Fil dişi olan duvar boyası ve siyah koltuklariyla sade müdür odasına girdiğimizde merakla müdür masasının karşısındaki siyah deri koltuğa oturdum.
"Biliyorsun ki Hira okulumuzda düzenli olarak çıkardığımız bir gazetemiz var.-kafamı onaylarcasına salladım.-öğrencilerimiz farklı konular ele alınarak yazılmış yazılar istiyor."tam bunun benimle alakası ne diyecekken ızzet hoca tekrar konuşmaya başladı.
"Bir internet hsabi açıp onlarla ilgili yorum yapmanı istiyorum,böylelikle herkes farkli düşünceden yararlanmış olacak."
"Hocam kabul etmek isterdim fakat bilmiyorsunuz belki ama benim hiçbir sosyal ağ hesabım yok,olsa olsa bir facebook hesabım vardır o da ilkokulda açmış olduğum ama simdi şifresini bile hatırlamadığım bir hesap.
Izzet hoca güldü"kullanmadığını arkadaşlarından öğrendim.Zaten burda ki amaç hiç bir sosyal ag hesabi olmayan birinin düşüncelerini okumak çünkü bilen birinin görüşü sıradan ve alışageldikdir ama sen en baştan başlayıp keşif ettiğin için senin kelimelerin ilgi çekici olacaktır."
Hocanın sözleriyle bir anda ben neymişim be! Diyesim geldi ama sadece düşüncelerim de kalması daha mantıklı geldi.
"Eee hocam.Benim bildiğim kadarıyla bizim sınıftaki kıvırcık Esra da sosyal ağ kullanmıyor belki o da yapabilir."

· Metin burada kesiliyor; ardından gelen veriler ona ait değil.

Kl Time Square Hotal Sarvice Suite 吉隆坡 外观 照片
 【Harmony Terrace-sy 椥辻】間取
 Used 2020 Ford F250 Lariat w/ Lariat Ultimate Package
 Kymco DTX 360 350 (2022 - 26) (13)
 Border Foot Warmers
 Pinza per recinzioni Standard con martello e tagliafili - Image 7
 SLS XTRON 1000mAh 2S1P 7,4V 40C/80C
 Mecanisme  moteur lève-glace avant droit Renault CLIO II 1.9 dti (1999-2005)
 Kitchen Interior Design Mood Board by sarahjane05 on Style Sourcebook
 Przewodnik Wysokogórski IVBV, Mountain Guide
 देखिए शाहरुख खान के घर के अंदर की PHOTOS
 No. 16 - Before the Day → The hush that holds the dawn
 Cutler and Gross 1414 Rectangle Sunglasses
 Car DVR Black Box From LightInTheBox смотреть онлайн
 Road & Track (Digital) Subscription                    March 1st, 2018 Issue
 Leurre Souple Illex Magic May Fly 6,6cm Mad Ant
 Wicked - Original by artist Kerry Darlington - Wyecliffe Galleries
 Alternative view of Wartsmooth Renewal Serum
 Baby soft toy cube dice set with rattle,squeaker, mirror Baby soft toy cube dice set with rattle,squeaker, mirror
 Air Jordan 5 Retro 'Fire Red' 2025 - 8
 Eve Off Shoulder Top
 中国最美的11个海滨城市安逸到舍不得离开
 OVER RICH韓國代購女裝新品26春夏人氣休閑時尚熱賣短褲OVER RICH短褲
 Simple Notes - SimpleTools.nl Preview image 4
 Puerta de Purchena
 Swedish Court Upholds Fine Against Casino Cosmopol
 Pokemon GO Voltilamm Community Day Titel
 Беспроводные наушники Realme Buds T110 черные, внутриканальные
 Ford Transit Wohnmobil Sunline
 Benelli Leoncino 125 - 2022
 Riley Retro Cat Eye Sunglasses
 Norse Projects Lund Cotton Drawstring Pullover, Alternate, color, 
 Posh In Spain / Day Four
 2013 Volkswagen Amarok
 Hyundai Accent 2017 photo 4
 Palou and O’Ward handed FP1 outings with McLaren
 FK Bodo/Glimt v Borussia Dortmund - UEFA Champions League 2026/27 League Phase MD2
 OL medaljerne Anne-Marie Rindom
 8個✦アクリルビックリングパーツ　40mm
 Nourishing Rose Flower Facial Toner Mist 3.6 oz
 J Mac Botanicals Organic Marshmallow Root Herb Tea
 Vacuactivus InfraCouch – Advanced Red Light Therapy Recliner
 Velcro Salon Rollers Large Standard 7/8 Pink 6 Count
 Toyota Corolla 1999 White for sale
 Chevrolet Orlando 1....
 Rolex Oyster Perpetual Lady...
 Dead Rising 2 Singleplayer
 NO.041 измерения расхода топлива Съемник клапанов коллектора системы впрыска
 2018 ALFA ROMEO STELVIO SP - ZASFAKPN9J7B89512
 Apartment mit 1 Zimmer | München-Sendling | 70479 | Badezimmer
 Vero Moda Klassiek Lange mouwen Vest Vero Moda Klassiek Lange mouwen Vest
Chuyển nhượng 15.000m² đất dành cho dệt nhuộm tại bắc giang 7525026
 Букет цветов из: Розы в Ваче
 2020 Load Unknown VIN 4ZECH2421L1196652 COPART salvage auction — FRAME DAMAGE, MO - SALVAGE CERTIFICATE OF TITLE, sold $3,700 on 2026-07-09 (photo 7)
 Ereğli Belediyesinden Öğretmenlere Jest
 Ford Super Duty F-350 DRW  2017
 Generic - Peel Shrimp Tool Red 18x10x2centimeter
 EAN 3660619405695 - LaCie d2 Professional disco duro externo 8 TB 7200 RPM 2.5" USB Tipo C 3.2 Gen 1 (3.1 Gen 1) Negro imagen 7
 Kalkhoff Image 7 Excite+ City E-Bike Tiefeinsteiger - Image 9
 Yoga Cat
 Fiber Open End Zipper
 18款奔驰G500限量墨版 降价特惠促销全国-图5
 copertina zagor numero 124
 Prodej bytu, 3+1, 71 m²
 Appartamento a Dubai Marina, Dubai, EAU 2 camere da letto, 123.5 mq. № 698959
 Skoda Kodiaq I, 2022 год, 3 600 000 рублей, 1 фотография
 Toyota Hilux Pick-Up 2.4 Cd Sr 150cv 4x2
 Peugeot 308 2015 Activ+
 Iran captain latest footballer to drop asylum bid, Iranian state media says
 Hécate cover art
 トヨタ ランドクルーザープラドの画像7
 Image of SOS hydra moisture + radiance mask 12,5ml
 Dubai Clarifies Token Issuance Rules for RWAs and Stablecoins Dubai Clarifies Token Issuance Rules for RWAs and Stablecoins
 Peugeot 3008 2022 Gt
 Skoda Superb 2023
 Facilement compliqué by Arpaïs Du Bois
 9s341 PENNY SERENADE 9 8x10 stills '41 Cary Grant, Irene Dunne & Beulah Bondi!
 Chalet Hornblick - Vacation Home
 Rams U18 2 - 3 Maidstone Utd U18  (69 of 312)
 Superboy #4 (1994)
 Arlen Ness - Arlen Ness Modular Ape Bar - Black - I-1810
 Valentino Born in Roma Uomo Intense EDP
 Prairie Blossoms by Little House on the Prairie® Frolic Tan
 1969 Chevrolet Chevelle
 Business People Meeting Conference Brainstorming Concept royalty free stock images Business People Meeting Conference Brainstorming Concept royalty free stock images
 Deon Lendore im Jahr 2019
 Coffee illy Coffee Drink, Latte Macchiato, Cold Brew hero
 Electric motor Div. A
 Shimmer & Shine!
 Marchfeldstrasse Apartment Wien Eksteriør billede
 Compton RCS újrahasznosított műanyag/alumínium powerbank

"Esranın da kullanmadığını biliyorum fakat Esra biraz uyuşuk bir bünyeye sahip,yazının gününe yetişememe gibi bir sorun olmasını istemiyorum."
"Yani benim yapmamı istiyorsunuz.neyse diyelim ki başladım ismimi gizli tutmam gerekiyor mu?"
"Başta ismini gizli tutmana gerek olmadığını düşündüm ama şimdi insanlar ne kadar çok merak ederlerse o kadar çok takip ederler.yani kendine seni anımsatan ama sen olduğunu kimsenin anlayamayacağı bir isim bul."
Çok kolaydı ya dedim içimden.izin isteyip çıkmak istediğimde tam kapıya varmıştım ki ismimle bir daha seslendi Izzet hoca."sadece arkadaşların haberdarlar ve kimseye bahsetmeyecekler bu arada bu yılın gazetesi sponsorluk değişimiyle bizim şehrimizde de yayımlanacak."
Bütün şehir ha! Hemde benim yazdıklarımı da okuyacaklar.inananamadim ve tam itiraz edecekken müdürbaşka işlerinin olduğunu söylerek beni odasından kovdu.